You clicked on this column. You made a judgment call. What are you drinking at your desk right now? Coffee, tea, maybe water? That’s a judgment call. What kind of car did you drive into the office? A Government Motors rattle-box or maybe a tightly engineered Honda? Judgment call.
To have ever admitted to making a mistake, is to have made a very clear-cut and final judgment.
See, we make judgments every day. People get touchy, however, when we apply those judgments to the decisions that actually matter. Nobody has a problem with somebody making the judgment that playing in traffic is bad for you. If that same person says that pre-marital relations with innumerable strangers is also likely a poor decision… it’s now considered to be terribly “judgmental.” Or in the case of Erick Erickson, if one says that men and women are physiologically different and that a child ideally needs both, you are now both judgmental and sexist. Make sense? Don’t worry, it shouldn’t.

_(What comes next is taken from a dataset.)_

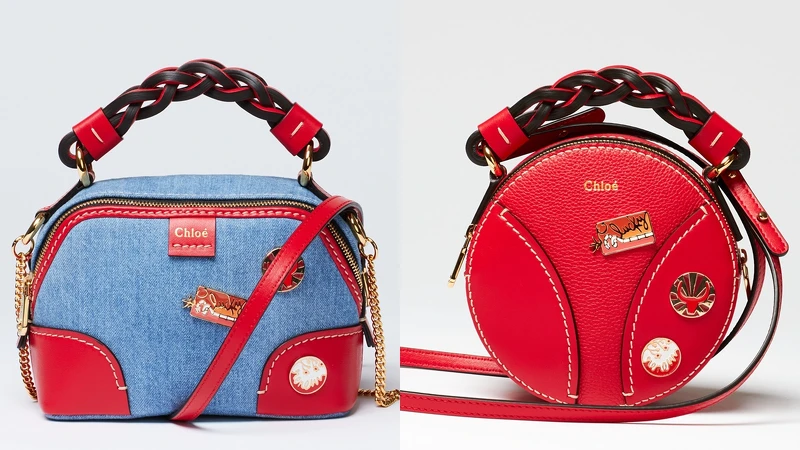 Chloé Daria丹寧徽章迷你肩背手提兩用包，NT51,600 / Chloé Daria紅色徽章迷你小圓包，NT38,600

Even worse, many of us teach our kids that it’s wrong to judge. Then, ironically, we pray and hope that they learn to make good decisions throughout their formative years. This is what in technical terminology is referred to as, “goofy, dumb-dumb talk.”
I only wish that the willful mothers of our country’s fatherless children had been briefed on the importance of judgment. I wish that the seven million prisoners in the United States had been taught how to judge early and often. If we had fewer hang-ups about who might be offended by our judgment, and were more concerned with making sound decisions, maybe we could actually better some pretty rough lives.

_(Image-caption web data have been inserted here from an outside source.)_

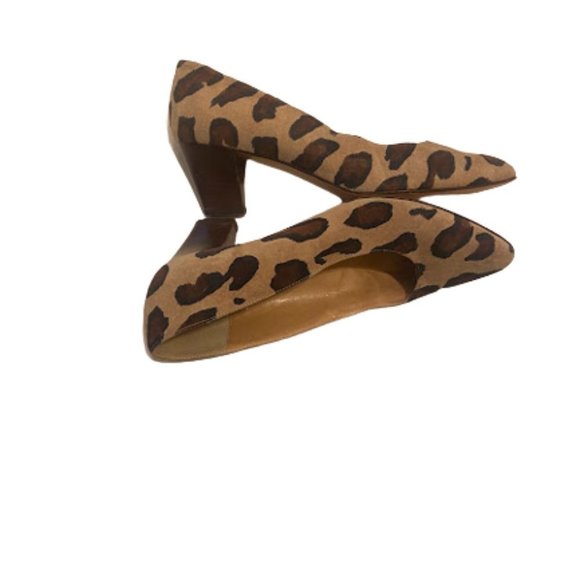Holt Renfrew Leopard Print Suede Vintage Heel Shoes - Picture 4 of 7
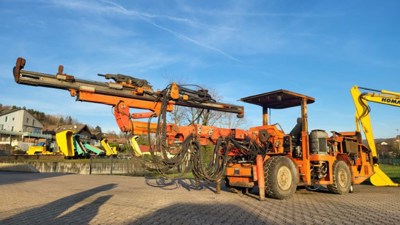 Sandvik Axera 5-126 Tunnel Bohrwagen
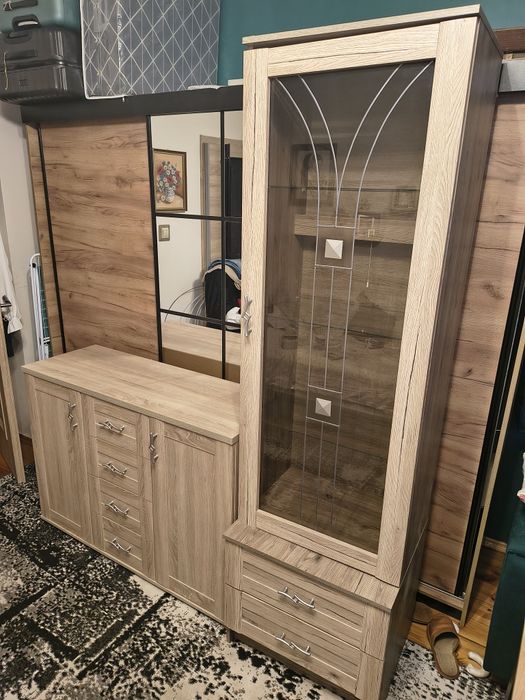 Oddam mały zestaw mebli: komodę i witrynę.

Instead, we allow childish, societal memes to take place of good judgment. People often say, “The Bible says not to judge!”
Dumb. Let’s see the whole verse.
“Judge not, lest ye be judged.”
Guess what? Ye be judged.
Even worse, we allow young and/or ignorant people (in an attempt to justify their horrible association) to use the excuse, “Jesus hung out with tax collectors and hookers!”
Firstly… good on them for putting tax collectors on the same playing field as prostitutes. I’m on board.
Secondly, no. Jesus hung out with former tax collectors and former hookers.
He told them to, “Go forth and sin no more,” not “Hey Mary, wanna meet for drinks tonight after you’re done hooking?”
Of course, as Christians, we don’t want imperfect people to avoid us due to a fear of constant judgment or a lack of compassion. Just as surely, those who consistently make the wrong decisions and do so with pride, probably shouldn’t feel all that comfortable in our company to begin with. I doubt that Mary would’ve have been comfortable breaking bread with the Messiah after squeezing in her four o’clock.
Call it a hunch.
Listen, I get it. Nobody’s perfect. We can’t change the mistakes that we’ve made, but we can always choose to do the right thing moving forward. We cannot do that however, without passing serious judgment on past decisions.
Carlos Gracie Sr. famously once said, “There is no losing. Only winning, and learning.” I believe that, but there can be no “learning” without judging.
Now, as per usual, I’m pretty sure that there are many of you reading this and are furious with me.
To you I say, congratulations … you’ve just made a judgment.